Now, let’s come to reporting! in order to report the findings instead of simply logging the details of the resources we can publish the same to a Pub/Sub topic:

# Example Pub/Sub message publishing with vulnerability details
from google.cloud import pubsub_v1

publisher = pubsub_v1.PublisherClient()
topic_path = publisher.topic_path(project_id="your-project-id", topic_name="vulnerability-alerts")

# ... (vulnerability detection logic)

vulnerability_data = {
  "deployment_name": deployment.metadata.name,
  "image_name": deployment.spec.template.spec.containers[0].image,
  "vulnerability_count": vulnerability_data.get("vulnCount", 0),
  "vulnerability_details": vulnerability_data.get("vulnerabilities", []),
}

# Publish message to Pub/Sub topic
publisher.publish(topic_path, data=json.dumps(vulnerability_data).encode("utf-8"))

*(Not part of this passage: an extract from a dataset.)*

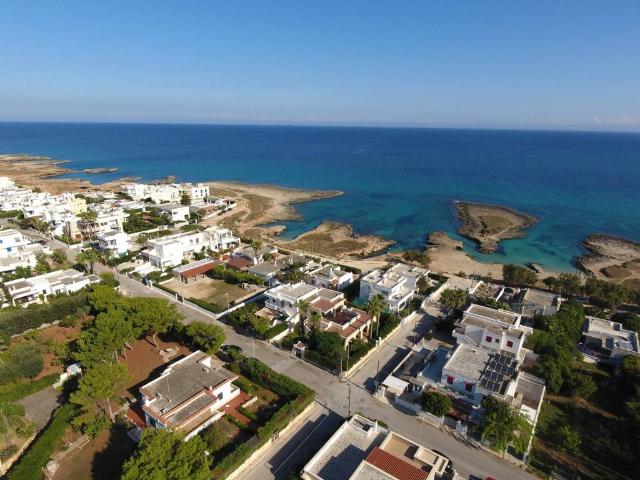 Appartamento in affitto a Torre Santa Sabina, Puglia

Finally on Cloud Functions, configure the following

# Example Cloud Function to isolate image (Python)
from google.cloud import storage

def isolate_vulnerable_image(data, context):
  # Access message data
  deployment_name = data["deployment_name"]
  vulnerability_count = data["vulnerability_count"]
  image_name = data["image_name"]

  # Connect to Cloud Storage client
  storage_client = storage.Client()

  # Get the bucket name (replace with yours)
  bucket_name = "your-bucket-name"

  # Locate the image in Cloud Storage
  bucket = storage_client.bucket(bucket_name)
  blob = bucket.blob(image_name)

  # You can perform actions on the image here (e.g., download, quarantine)
  print(f"Vulnerability detected in deployment: {deployment_name} - Image: {image_name}")

# ... (Cloud Function deployment configuration)

The Pub/Sub message will trigger the function which shall access the message data within the function to find the name of the image that has the vulnerability. Discover where in your bucket the vulnerable image is by using the Cloud Storage API (assuming the case where images are stored in a bucket).